As it turned out I was correct, as Jeeves and the feudal spirit got funnier and funnier. I adored it. It helped (though was certainly not essential) that I had previously read The code of the Woosters. Although you don't have to read this first, it really helps as many of the characters and incidents featured in Feudal spirit are related to the earlier book.
Bertie Wooster is in trouble when having dodged an engagement he finds himself re-engaged to the girl after she has a falling out with her current beau. Could life get any worse? Yes, it can, as Wooster's favourite aunt, Aunt Dahlia, in financial crisis, persuades Wooster to steal a necklace, only for Wooster to end up with someone else's pearls in his paws. Can Jeeves rescue Wooster from a woman and the police, sort out Aunt Dahlia's money troubles, and keep Anatole the cook in the family? Of course he can.
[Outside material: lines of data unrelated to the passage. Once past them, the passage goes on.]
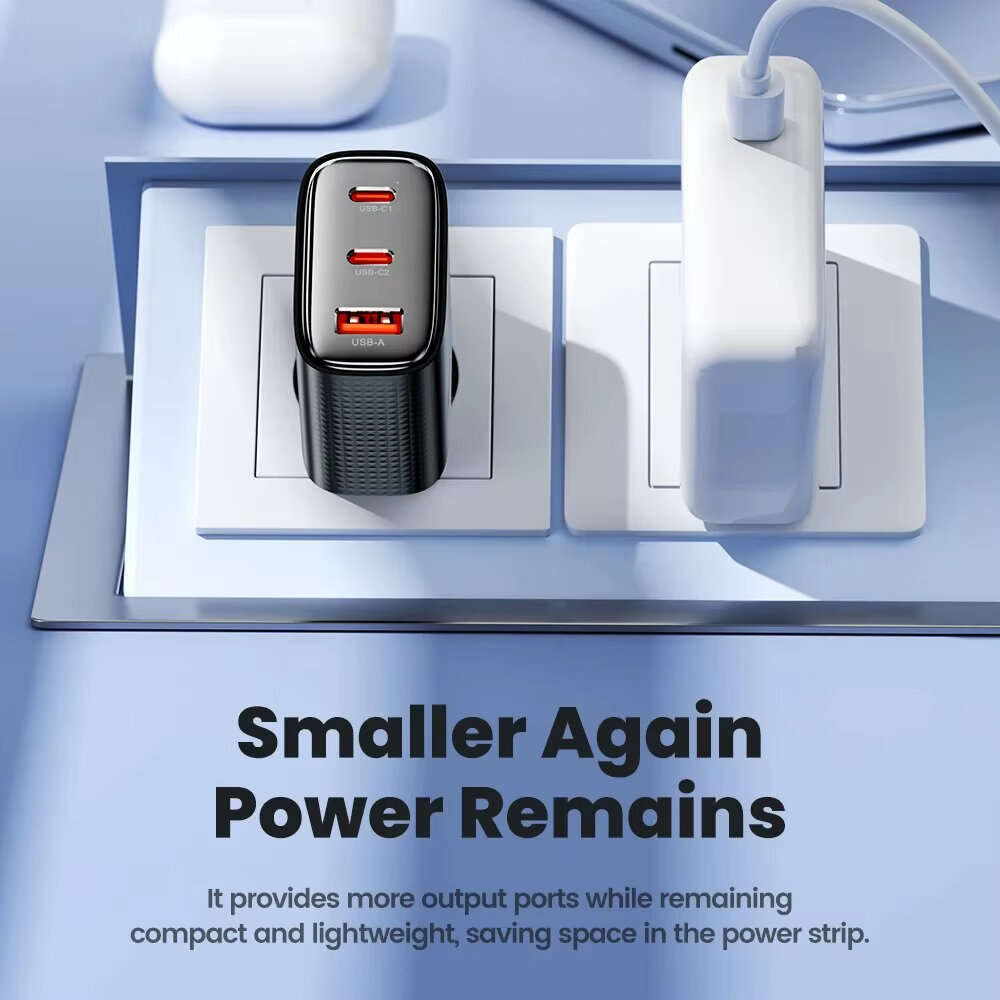 EU Plug - [GaN Tech] Toocki TCT40-22EU 40W 3-Port USB PD Charger USB-A+2USB-C PD Fast Charging Wall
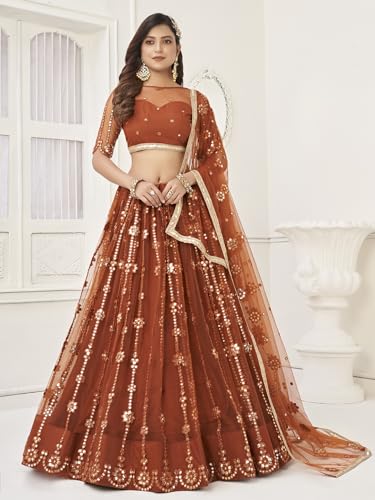 Zeel Clothing Womens Net Lehenga Choli Semi-Stitched Brown Wedding Bridal Free Size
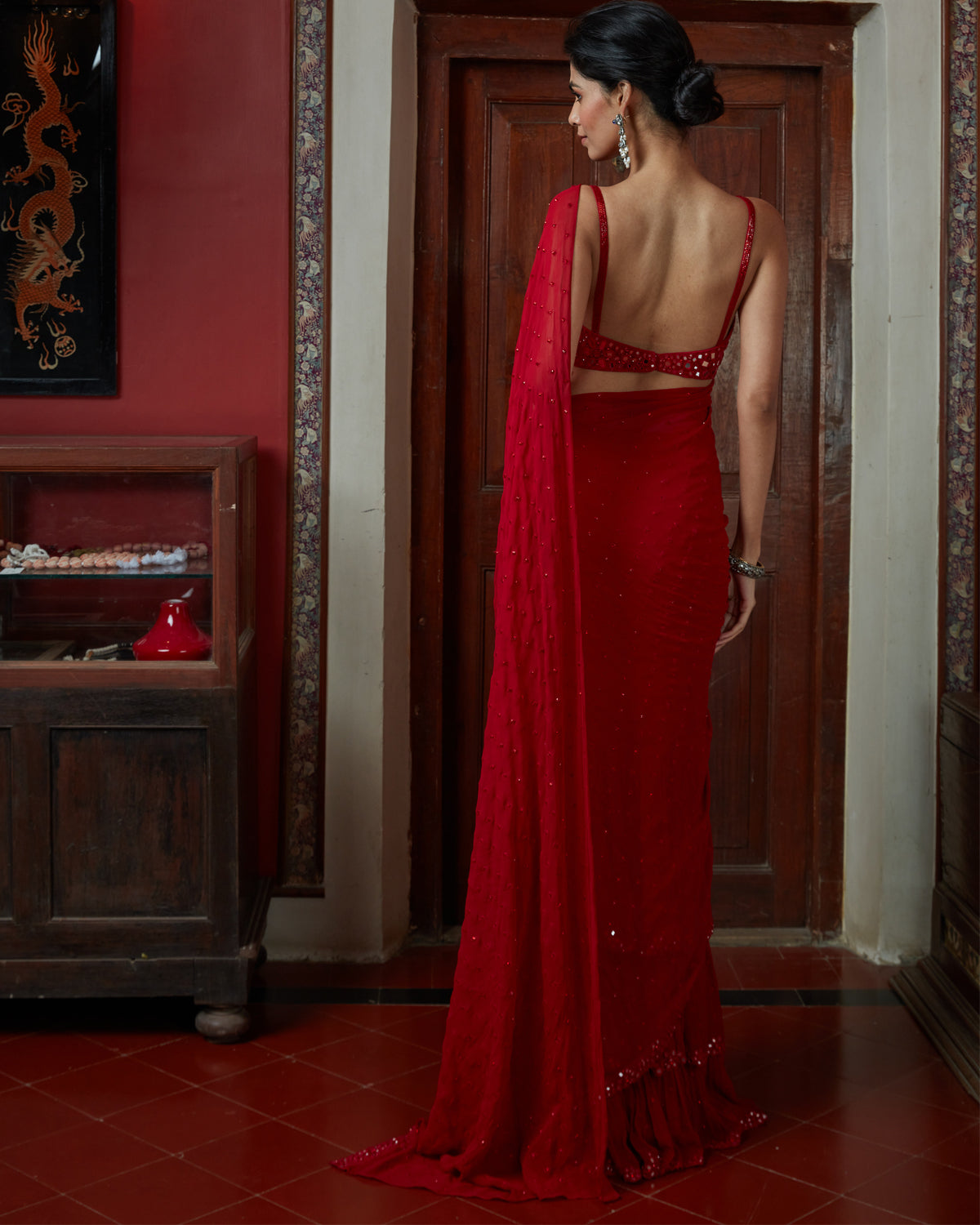 Red Hand Embroidered & Tiered Sari Set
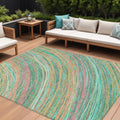 10 X 14 Teal Blue Pink And Peach Abstract Washable Indoor Outdoor Area Rug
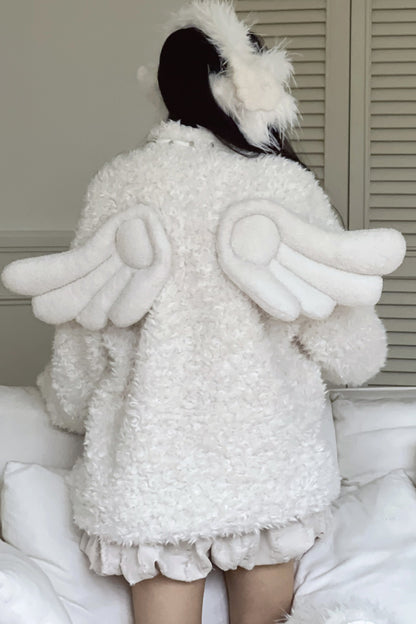 Detachable Angel Wings Furry Coat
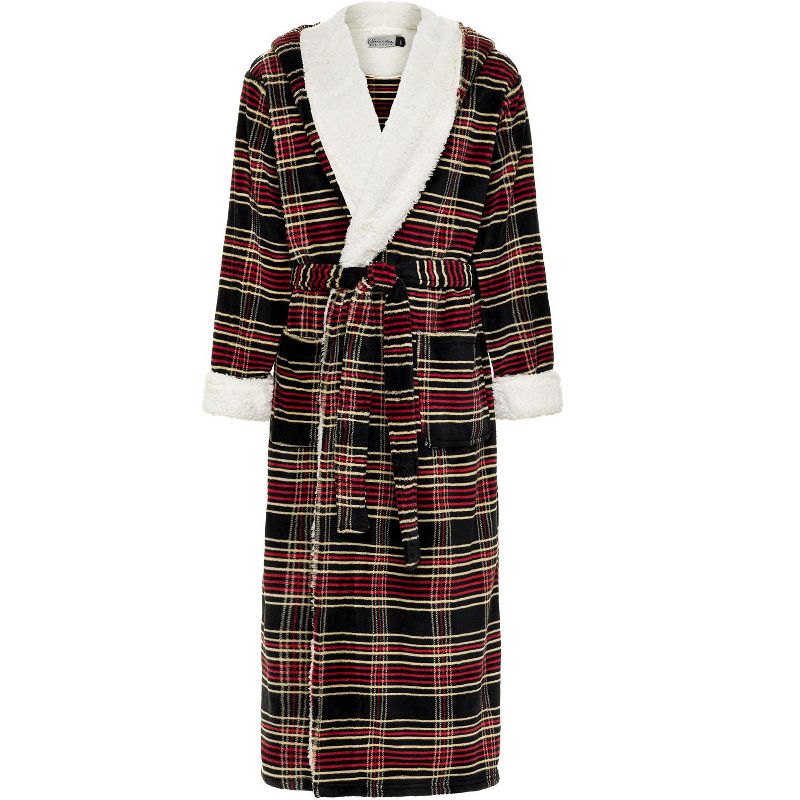 ADR Men’s Long Hooded Robe, Hooded Big and Tall Plush Fleece Hoodie Bathrobe Refined Tartan Plaid 2XL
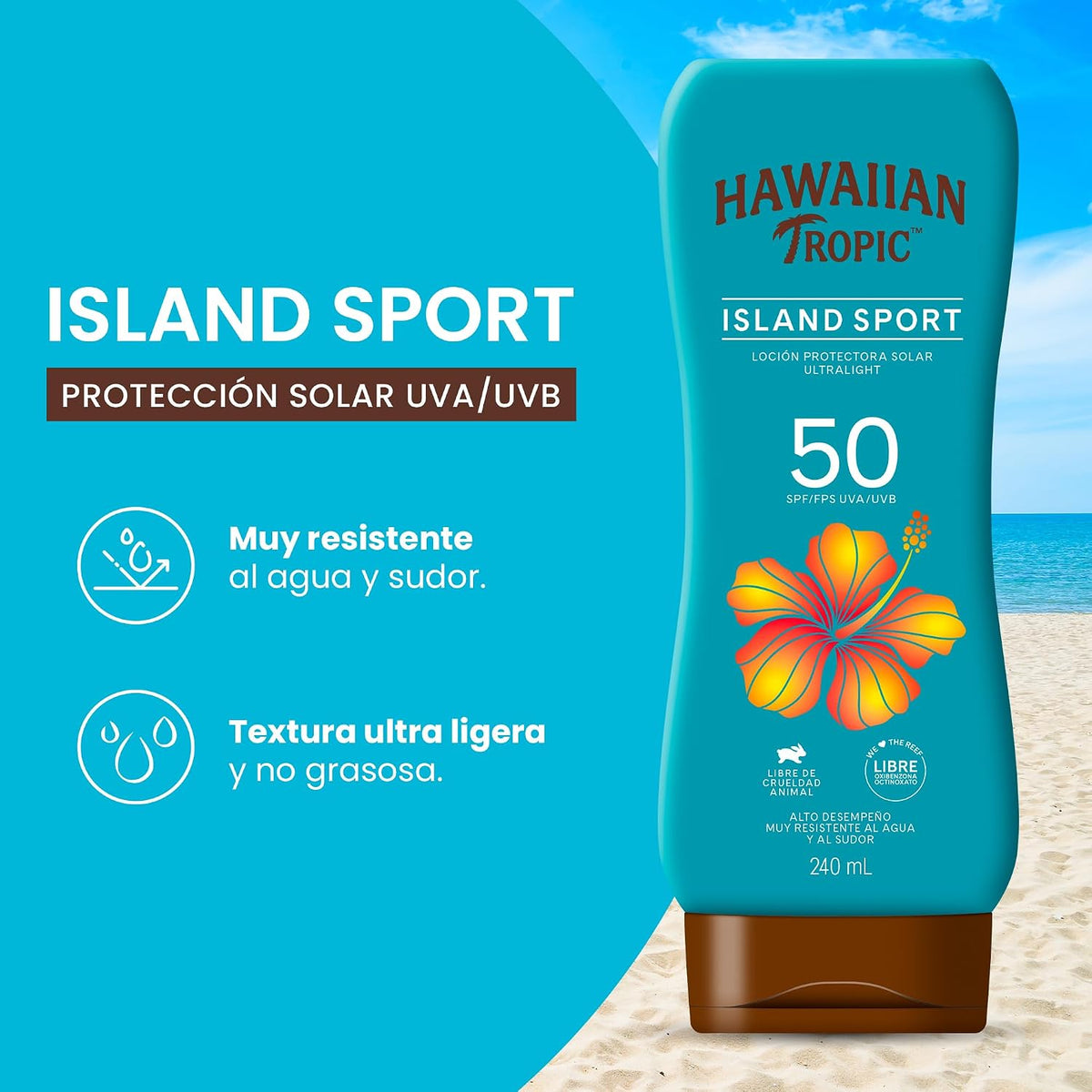 Hawaiian Tropic Island Sport FPS 50 Loción Protectora Solar Ultralight 240 mL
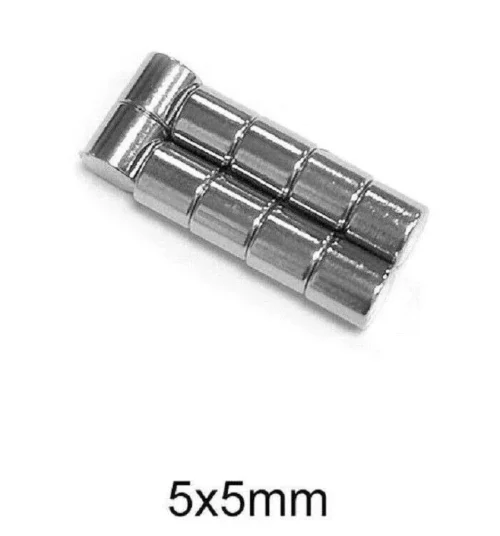 20 Magneti Forti 5X5 Mm Neodimio Permanente Rotondi Piccoli
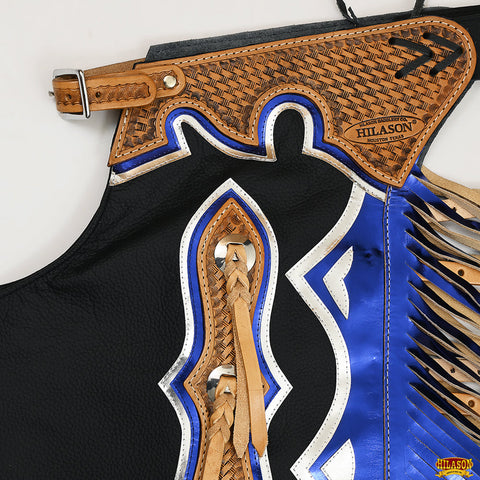 Hilason Handmade Genuine Leather Chaps Adult Handtooled Rodeo Bull Riding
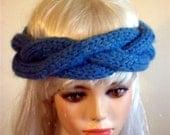 Hand Knit Headband Blue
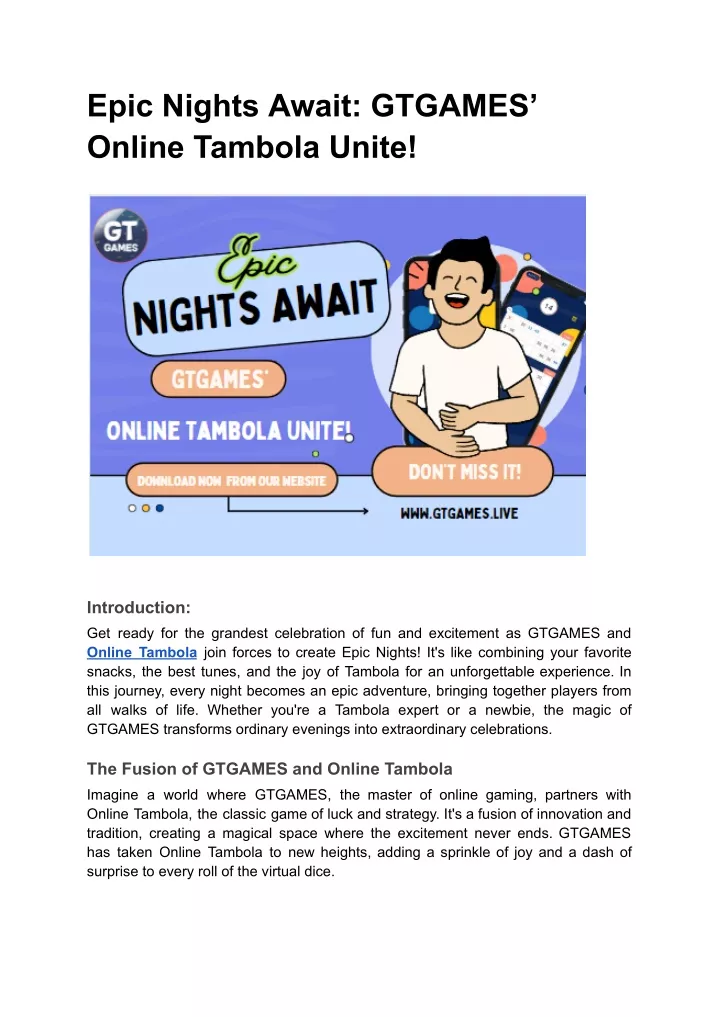epic nights await gtgames online tambola unite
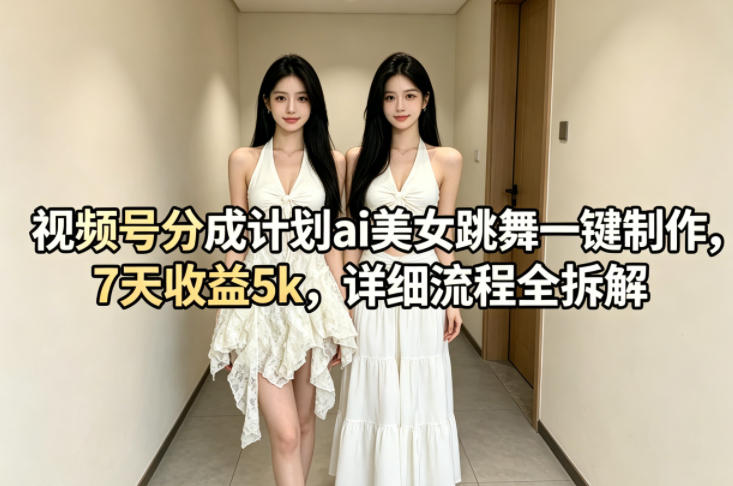 视频号分成计划ai美女跳舞一键制作，7天收益5k，详细流程全拆解-玩备项目资源网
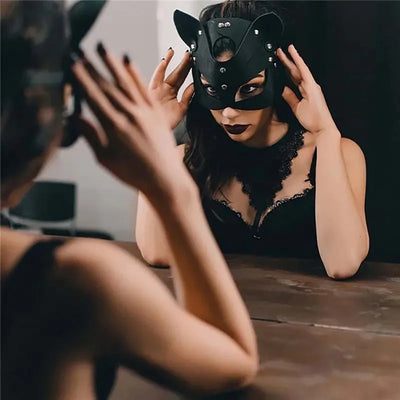Female PU Leather Mask - MidnightAura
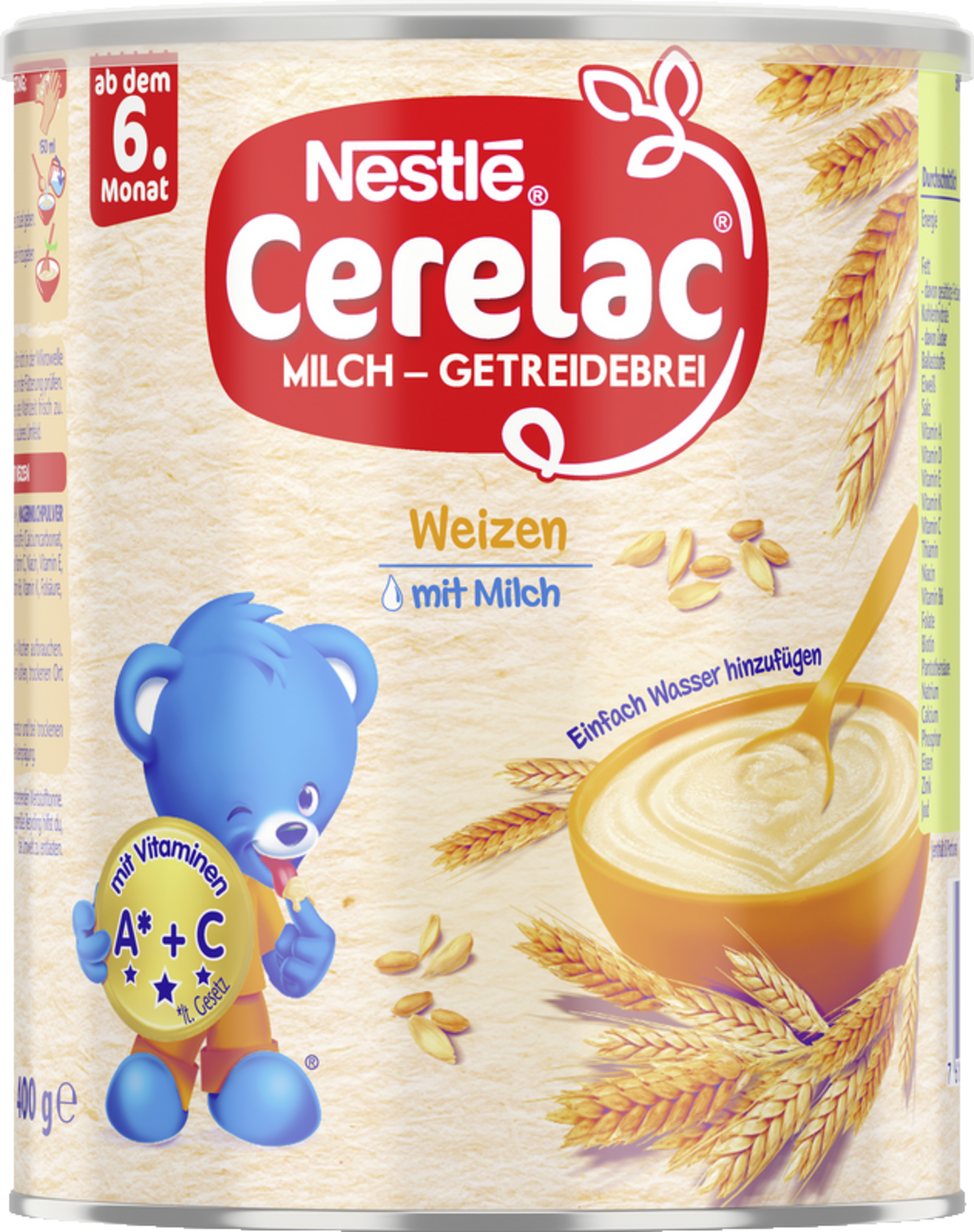 Nestlé CERELAC Bouillie de Céréales - Blé au Lait - 400 g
After an initial slow start the novel gallops along at the pace of a particularly good French farce. There are guffaws aplenty, some nimble thinking, some great Wodehousian sayings, and one scene that was re-used to great comic effect in Fawlty Towers. This is quality comic writing, Wodehouse at his superb best.
Reading these two novels back-to-back would be a great introduction to the wonderful mad world of P.G. Wodehouse. What ho, Jeeves?